The pivotal role of air in water cycle mythology
'If clouds are full of water, they pour rain on the earth' (Ecclesiastes 11:3).
The bible is full of references relating to weather phenomena, as are many other religious and mythical writings. The myth of the water cycle plays a central role in many of these stories. It refers to the elemental cycles in life, fore example the cycle of life and death and the cycles that the soul experiences during one life time.
In this paper the function of the sky (or air) in this cycle is examined: the uptake of water from the earth, the conversion through condensation, the process of osmosis, the storage (in clouds), the moving (through wind), and finally the returning through precipitation.
Drawing mainly on early neoplatonic sources such as Plotinus, Porphyry and Iamblichus, we will investigate how the natural functions of air relate to the soul functions of air in early Greek theories on elements and soul.
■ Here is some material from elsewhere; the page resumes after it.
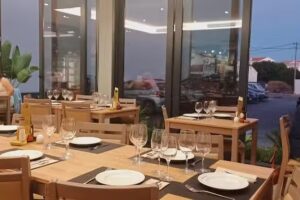 Fábrica de Grelhados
The paper starts with an exploration of early Western myths on the water cycle. It then shifts to neoplatonic theorizing on the role of air in the cosmological cycle and its translation to soul processes; ultimately demonstrating the pivotal role that the sky plays at the intersection of spirit and matter.
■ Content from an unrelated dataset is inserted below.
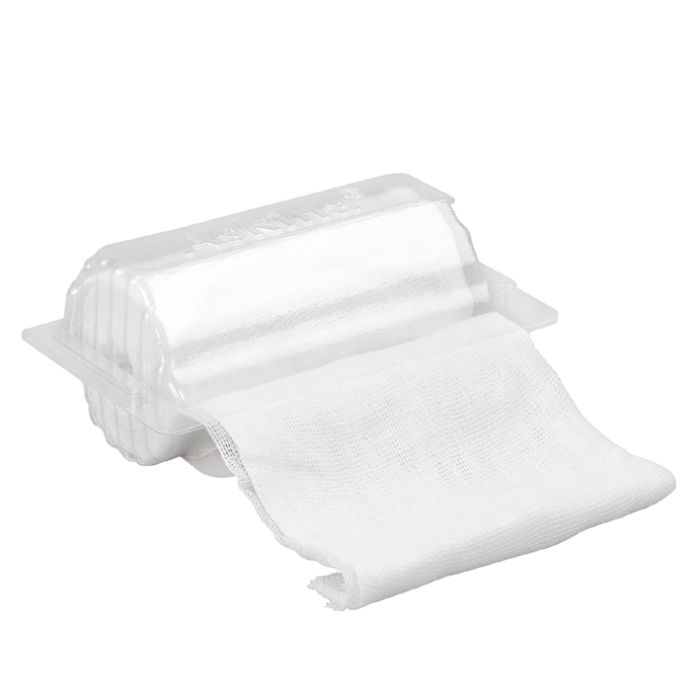 [PET 9030050W] Askina Verbandmull 5 m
Ben Rovers (1964) has a PhD in Criminology and an MA in Political science. He works in the Netherlands as a criminologist and over the last 25 years he has published extensively, both academic and non-academic, on this topic. Ben also works as a professional astrologer. In 2016 he graduated from the MA on Myth, Cosmology and the Sacred at Canterbury Christ Church University (UK). His esoteric research focuses on classical theories of elements, soul theory and alchemy.